§ Records supplied:
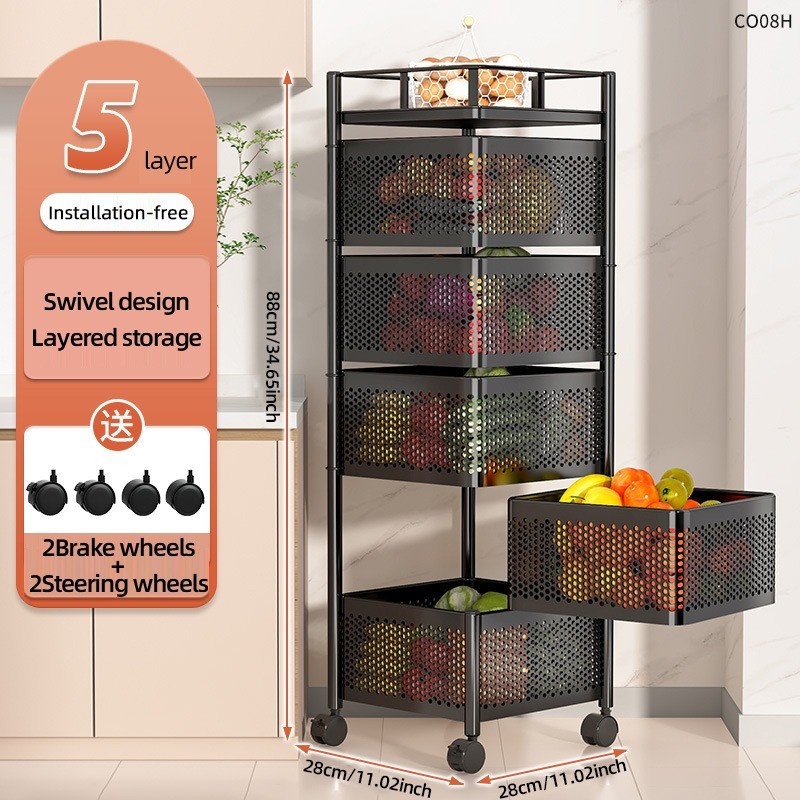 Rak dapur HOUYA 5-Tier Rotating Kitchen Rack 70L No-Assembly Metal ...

==

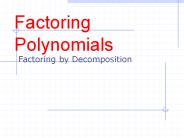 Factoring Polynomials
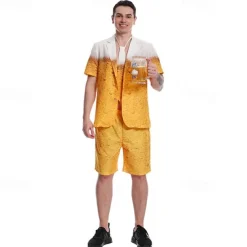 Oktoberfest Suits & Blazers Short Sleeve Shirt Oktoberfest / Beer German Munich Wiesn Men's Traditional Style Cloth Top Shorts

§ Work request:
Copy only the lines above from the one containing "Factoring Polynomials" through the one containing "Oktoberfest Suits &", both included. Leave out the pictures.

§ Response area:
 Factoring Polynomials
 Oktoberfest Suits & Blazers Short Sleeve Shirt Oktoberfest / Beer German Munich Wiesn Men's Traditional Style Cloth Top Shorts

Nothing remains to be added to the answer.